_WORK TO COMPLETE_
Precisely the lines from the one with "Unfurnished room with" through the end of the data, both included, must make up the response, each restated word for word.

_PROVIDED DATA_
※

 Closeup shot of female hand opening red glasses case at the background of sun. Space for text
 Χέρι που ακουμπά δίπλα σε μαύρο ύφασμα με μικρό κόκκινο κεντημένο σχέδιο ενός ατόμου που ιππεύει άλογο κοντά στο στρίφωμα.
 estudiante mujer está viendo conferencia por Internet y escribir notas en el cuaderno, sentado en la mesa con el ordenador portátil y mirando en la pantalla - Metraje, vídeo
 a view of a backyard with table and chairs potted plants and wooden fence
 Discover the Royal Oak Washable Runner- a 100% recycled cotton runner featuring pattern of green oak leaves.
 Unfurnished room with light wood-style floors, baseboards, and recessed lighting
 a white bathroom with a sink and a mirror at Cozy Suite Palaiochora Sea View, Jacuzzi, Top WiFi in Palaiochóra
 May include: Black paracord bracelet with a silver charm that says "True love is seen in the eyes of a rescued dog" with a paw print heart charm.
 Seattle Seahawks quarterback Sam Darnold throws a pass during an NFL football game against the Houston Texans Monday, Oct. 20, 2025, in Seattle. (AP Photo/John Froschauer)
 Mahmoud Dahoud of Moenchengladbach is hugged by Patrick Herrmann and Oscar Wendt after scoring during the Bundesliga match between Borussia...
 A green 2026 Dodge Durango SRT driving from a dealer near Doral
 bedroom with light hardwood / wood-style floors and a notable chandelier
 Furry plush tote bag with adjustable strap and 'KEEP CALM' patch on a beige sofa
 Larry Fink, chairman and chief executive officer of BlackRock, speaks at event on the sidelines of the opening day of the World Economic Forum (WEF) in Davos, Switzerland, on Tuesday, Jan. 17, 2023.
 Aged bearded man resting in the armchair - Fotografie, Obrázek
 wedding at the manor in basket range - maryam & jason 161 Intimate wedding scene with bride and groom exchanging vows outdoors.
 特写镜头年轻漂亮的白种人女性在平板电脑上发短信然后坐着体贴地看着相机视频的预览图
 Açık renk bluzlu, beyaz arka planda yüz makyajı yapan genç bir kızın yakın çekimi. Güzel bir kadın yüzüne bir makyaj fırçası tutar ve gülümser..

※

_OUTPUT FOR THIS TASK_
 Unfurnished room with light wood-style floors, baseboards, and recessed lighting
 a white bathroom with a sink and a mirror at Cozy Suite Palaiochora Sea View, Jacuzzi, Top WiFi in Palaiochóra
 May include: Black paracord bracelet with a silver charm that says "True love is seen in the eyes of a rescued dog" with a paw print heart charm.
 Seattle Seahawks quarterback Sam Darnold throws a pass during an NFL football game against the Houston Texans Monday, Oct. 20, 2025, in Seattle. (AP Photo/John Froschauer)
 Mahmoud Dahoud of Moenchengladbach is hugged by Patrick Herrmann and Oscar Wendt after scoring during the Bundesliga match between Borussia...
 A green 2026 Dodge Durango SRT driving from a dealer near Doral
 bedroom with light hardwood / wood-style floors and a notable chandelier
 Furry plush tote bag with adjustable strap and 'KEEP CALM' patch on a beige sofa
 Larry Fink, chairman and chief executive officer of BlackRock, speaks at event on the sidelines of the opening day of the World Economic Forum (WEF) in Davos, Switzerland, on Tuesday, Jan. 17, 2023.
 Aged bearded man resting in the armchair - Fotografie, Obrázek
 wedding at the manor in basket range - maryam & jason 161 Intimate wedding scene with bride and groom exchanging vows outdoors.
 特写镜头年轻漂亮的白种人女性在平板电脑上发短信然后坐着体贴地看着相机视频的预览图
 Açık renk bluzlu, beyaz arka planda yüz makyajı yapan genç bir kızın yakın çekimi. Güzel bir kadın yüzüne bir makyaj fırçası tutar ve gülümser..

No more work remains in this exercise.